Keep warm during your trek
Few outdoor practitioners are more familiar with cold than a dog sled musher. Our Lundhags friend Stefan Bellika is in short experienced when it comes to keeping warm, and not only during the winter. Here are his five best tips to keeping warm.
Dry is good
Make sure to stay dry. Change to dry clothes if you become cold. And make sure that you regulate your clothing according to temperature and exertion. The harder you work, the less clothing you need. Stand up if you become warm and remove an outer layer so that you don’t sweat.
Layer on layer
The best way to maintain a good temperature is to dress in layers. Merino wool works best closest to the body. Use just the right number of mid layers.

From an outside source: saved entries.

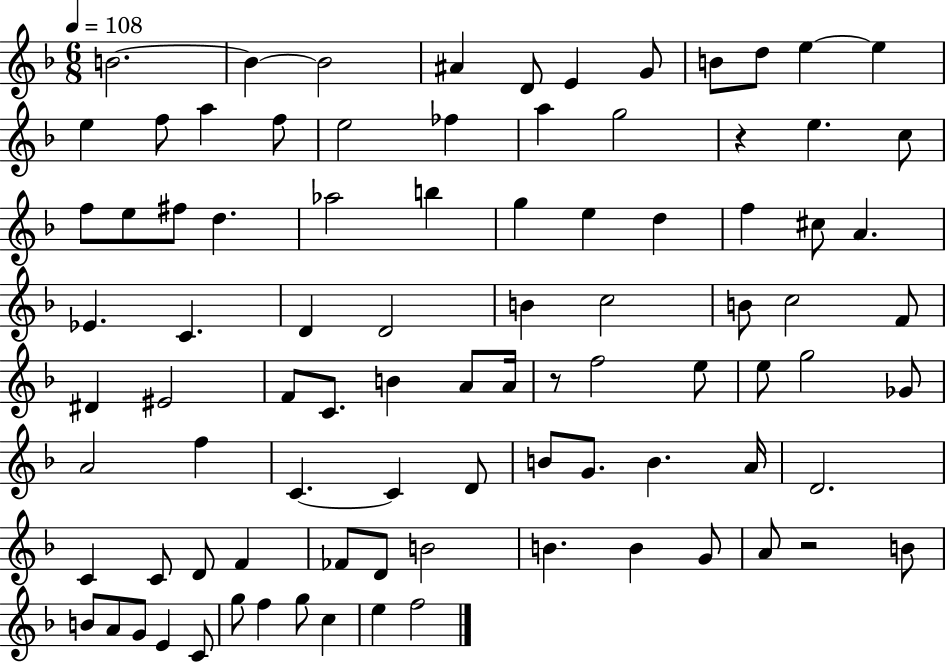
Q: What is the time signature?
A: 6/8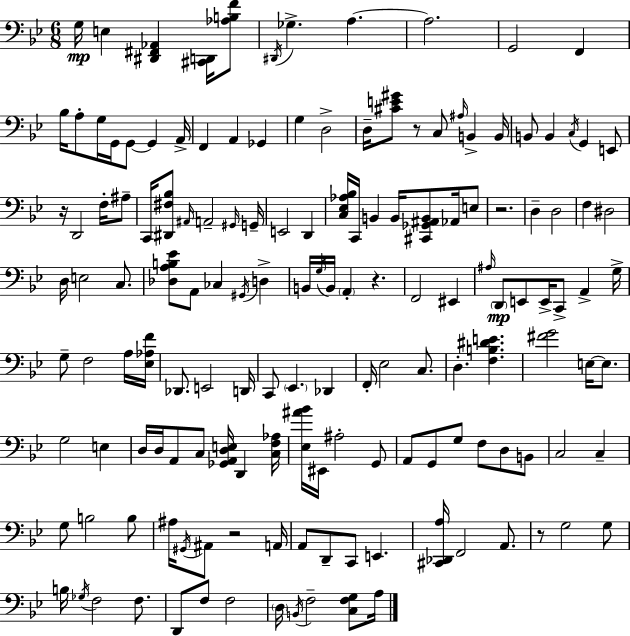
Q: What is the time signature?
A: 6/8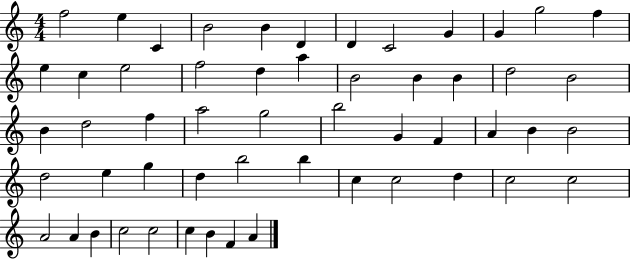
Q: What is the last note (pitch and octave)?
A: A4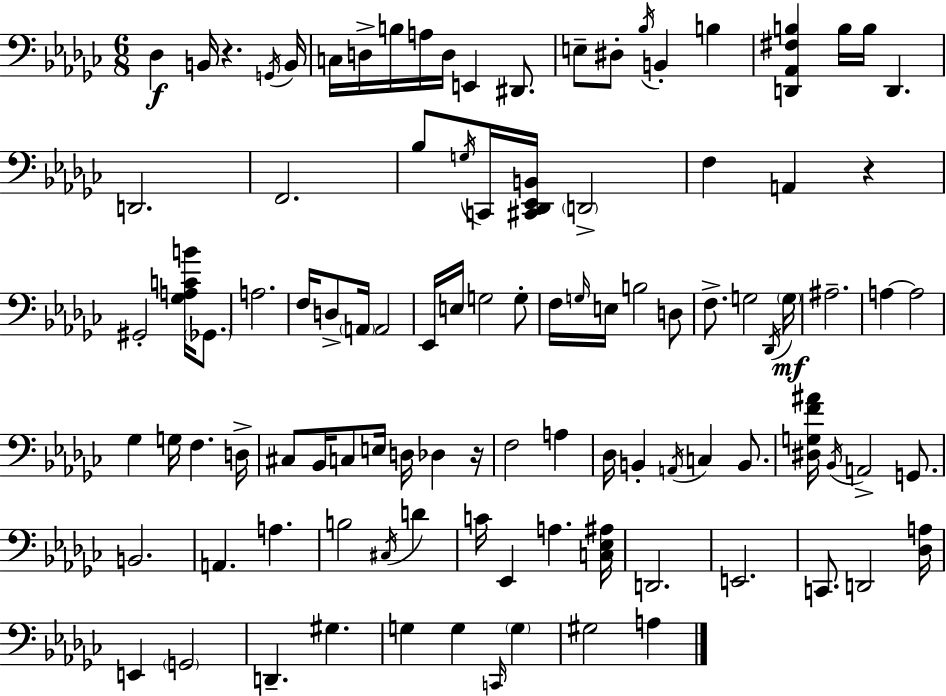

The outer layer protects against wind and wet.
If you feel like you are becoming cold, move around instead of sitting down and resting and beginning to shiver. Keep moving around and the circulation will keep you warm.
Cuddle with a dog
In the dog sledding industry, you often talk about “four dogs night” or “eight dogs night”, depending on how many dogs you have taken with you into the tent when it’s been cold. The more the dogs, the colder the night. A dog has a body temperature that 1-2 degrees warmer than a human, so they actually warm very well.
Gathering wood, making a fire and cooking coffee can be just the right activity to create heat. Further, drinking a hot beverage keeps you warm.